Weights loaded in 18.0s (load weights from disk: 17.0s, apply weights to model: 0.3s, move model to device: 0.5s).

So is that something you can fix in safetensors or do we need some option in webui to allow alternative loading method?

FYI my webui is running on Ubuntu 20.04 inside WSL2 on Windows 11 (so it's not directly Windows, but accessing Windows drivers).

Jun 15 '23 17:06 dhwz

So is that something you can fix in safetensors or do we need some option in webui to allow alternative loading method?

Unfortunately, this might be a WSL/Windows things, not really a safetensors (or webui) thing. It would be the same if you had a network mounted device.

MMAP (the first load method) can be pretty much instant (like 100us) to load on CPU, while the second load(open().read()) is going to be pretty much slow (the least work, is the OS allocating and feeding your the file into the process memory).

So on devices that support mmap, mmap is just always better (since it can skip giving memory to user space, and directly map kernel pages for instance). That being said, mmap can potentially issue a lot more reads if this property is not upholded (which definitely can be the case in WSL, since linux/Windows most likely work differently). There is no way to know about that within safetensors nor webui (afaik).

reading the whole file is better in your case, because you're essentially issuing a single read which plays better when the overhead is bad.

I think having a flag within webui to switch loading methods could be a things (so users than benefit the mmap speed can keep having it, and you can opt-out to not suffer on your platform).

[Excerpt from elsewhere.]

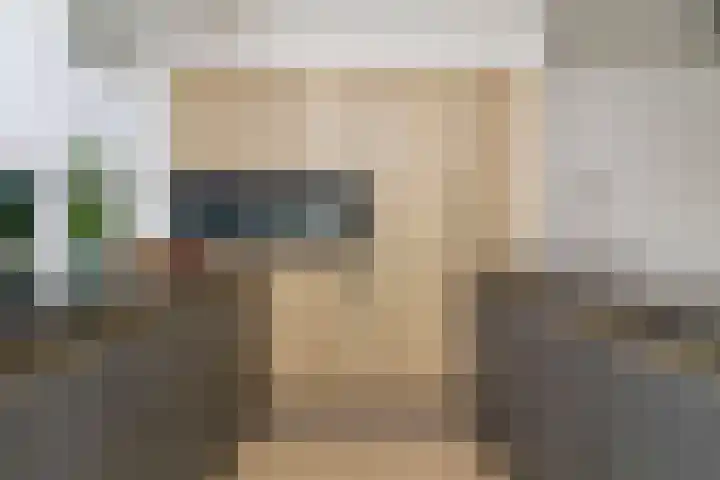 Leeuwerik 25 Bunschoten-Spakenburg thumbnail 8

If there's a way to detect WSL and WSL is the issue, maybe they can set a better default. In general in safetensors this is not possible, because mounted network disks also exists and for that I'm sure there's no way to detect (since well the goal of mounteded network disks is to pretend to be regular disks) and for that you just need to use the non mmap version.

Jun 16 '23 13:06 Narsil

ok thx, no problem I've created a PR hope it gets accepted

@Sakura-Luna so can we please agree on this that it is a bug and I've added a PR for it https://github.com/AUTOMATIC1111/stable-diffusion-webui/pull/11260

Jun 16 '23 16:06 dhwz

Adding -lowram fixed slow loading for me a while ago, removed it recently to test and they loaded slower, this is without WSL too. I have 64GB of RAM and a 3080 12GB, maybe it's some weird Windows memory mapping issue and having more RAM above a certain amount makes them load slower, for whatever reason.

Jun 16 '23 21:06 freecoderwaifu

Interesting I've also 64GB The proposed PR fixes it without the need to set --lowram

Jun 16 '23 21:06 dhwz

so can we please agree on this that it is a bug and I've added a PR for it #11260

This should be regarded as a defect introduced upstream.

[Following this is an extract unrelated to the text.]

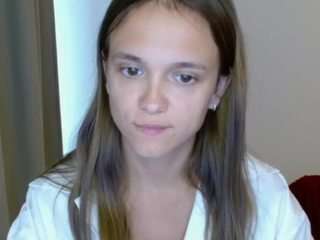 emilydirty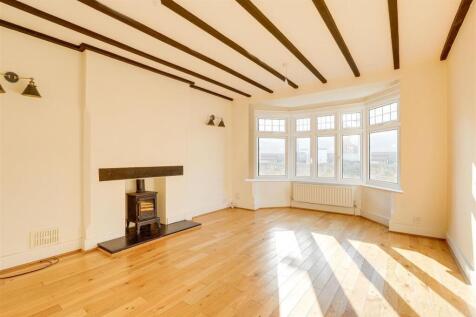 Living-Room-1.jpg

There was a PR about this before, but it was closed.

Jun 17 '23 06:06 Sakura-Luna

@freecoderwaifu I've tried the --lowram option but doesn't fix my issue it's still slow after enabling it.

Jun 18 '23 09:06 dhwz

These are my changes in the webui-user.bat set COMMANDLINE_ARGS= --xformers --no-hashing --opt-channelslast --no-download-sd-model --lowram set SAFETENSORS_FAST_GPU=1

set safetensors is a big speedup too.

Average load speed for me: Weights loaded in 11.4s (load weights from disk: 10.1s, apply weights to model: 0.5s, load VAE: 0.4s, move model to device: 0.4s).

Without both --lowram and set SAFETENSORS_FAST_GPU=1 it goes above 1 minute, sometimes close to 2.

It's still good you're addressing it with your PR, since I'm not sure what else --lowram affects aside from forcing models to load to VRAM as per the description in the wiki, haven't had any other issues since using it so I don't really know.

Jun 18 '23 20:06 freecoderwaifu

set SAFETENSORS_FAST_GPU=1

This one shouldn't have any effect for version > 0.3.0 anymore... odd.

Jun 19 '23 08:06 Narsil

Fixed in dev after merge of the PR (14196548c55dfe4775c96bdb939ce1a150933393)

Jun 27 '23 06:06 dhwz

Still not fixed for me in v1.5.1 I have to use --lowram despite having 64 Gb of DDR5 memory, otherwise switching between .safetensor checkpoints takes ~70s, 60s+ of this time applying weights to model. With --lowram switching takes ~1.5s applying weights to model in 0.3s. I'm using 13900k and RTX 4090 if this matters.

Jul 27 '23 22:07 63OR63

The issue seems to stem from WSL and memory mapping not playing along very well:

https://github.com/AUTOMATIC1111/stable-diffusion-webui/issues/11216

Can you confirm ?

Jul 28 '23 07:07 Narsil

I initially thought it's a WSL issue but it's a general Windows issue as it's also happening without WSL.

Jul 28 '23 07:07 dhwz

Does item 2 from here https://github.com/AUTOMATIC1111/stable-diffusion-webui/issues/11216#issuecomment-1593378136 help ?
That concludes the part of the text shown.